> **Your instructions**:
In full and without alteration, print the records below, minus any images.

> **Record excerpts**:
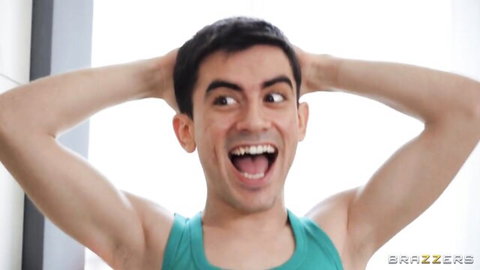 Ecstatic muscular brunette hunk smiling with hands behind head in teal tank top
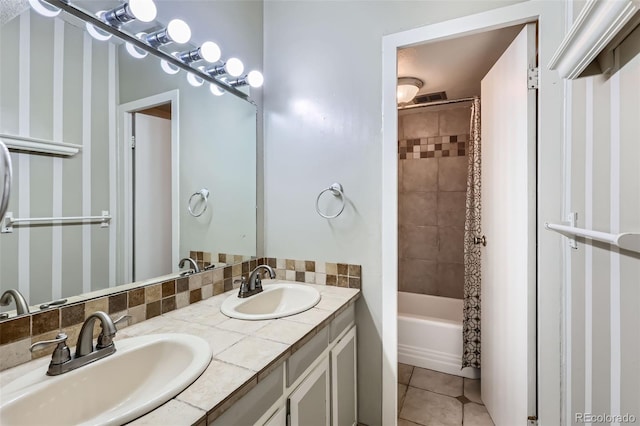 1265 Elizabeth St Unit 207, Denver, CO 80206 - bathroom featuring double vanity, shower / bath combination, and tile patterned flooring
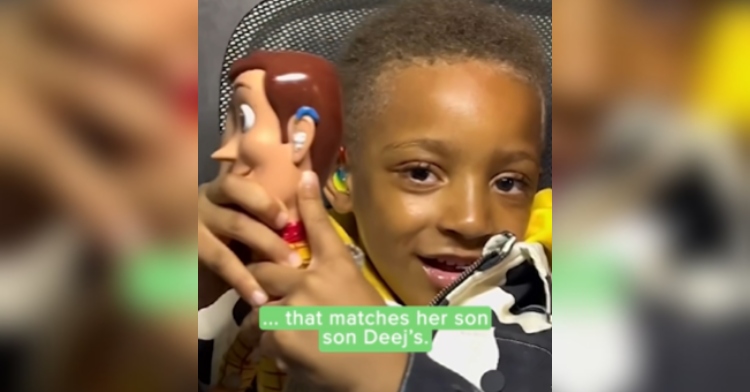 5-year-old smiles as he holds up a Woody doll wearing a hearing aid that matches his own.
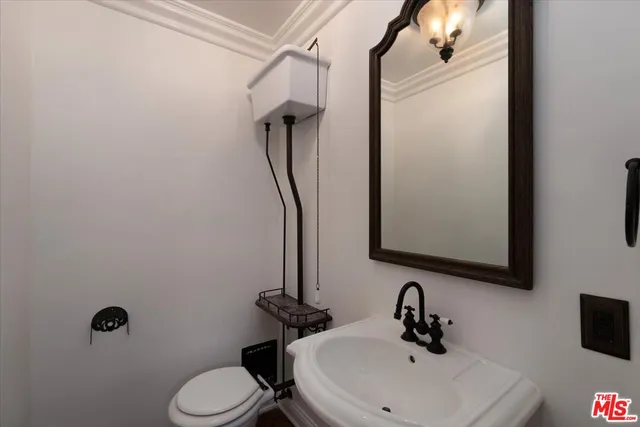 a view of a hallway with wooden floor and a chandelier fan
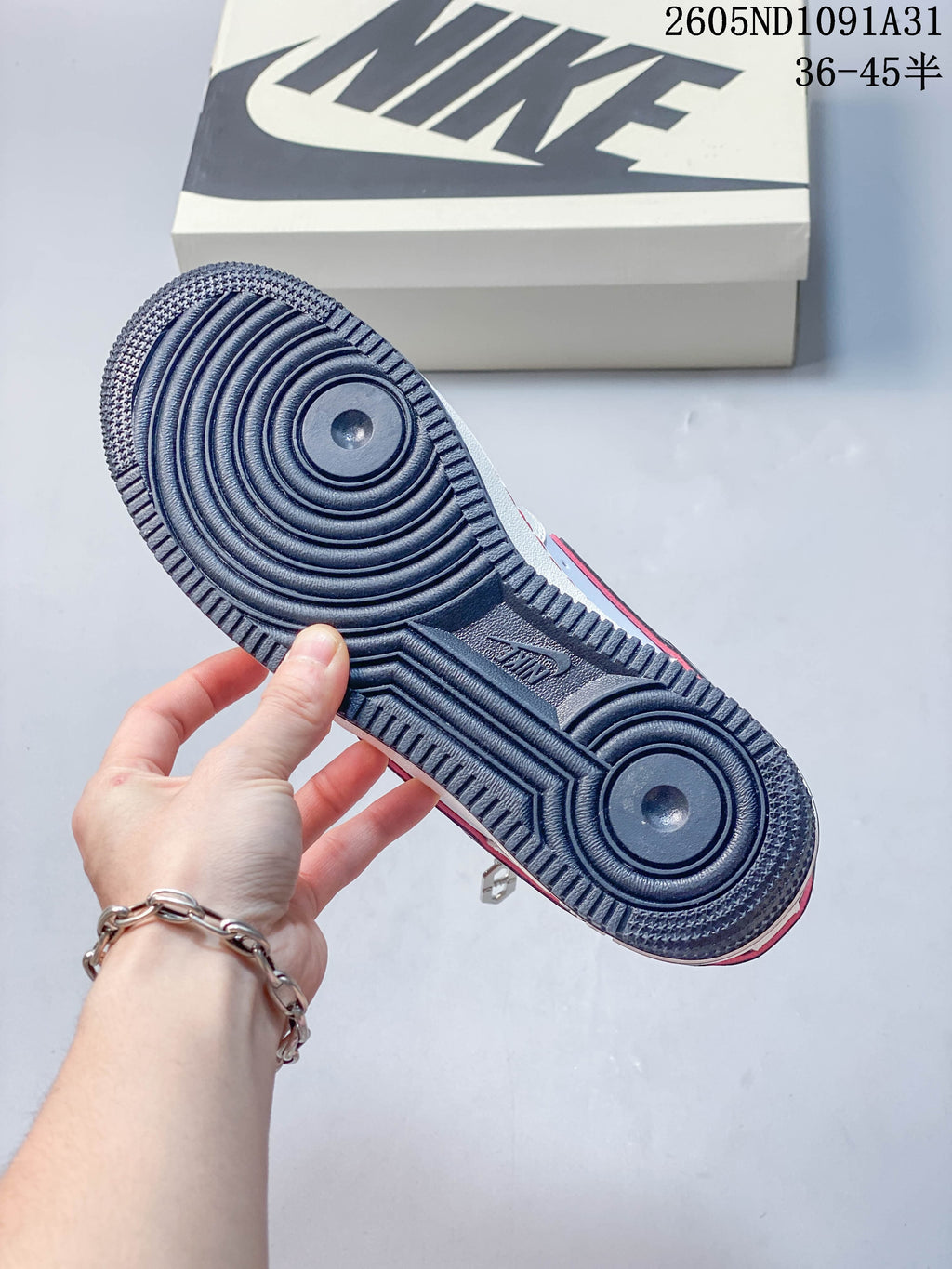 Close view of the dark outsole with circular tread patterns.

> **The completed task**:
 Ecstatic muscular brunette hunk smiling with hands behind head in teal tank top
 1265 Elizabeth St Unit 207, Denver, CO 80206 - bathroom featuring double vanity, shower / bath combination, and tile patterned flooring
 5-year-old smiles as he holds up a Woody doll wearing a hearing aid that matches his own.
 a view of a hallway with wooden floor and a chandelier fan
 Close view of the dark outsole with circular tread patterns.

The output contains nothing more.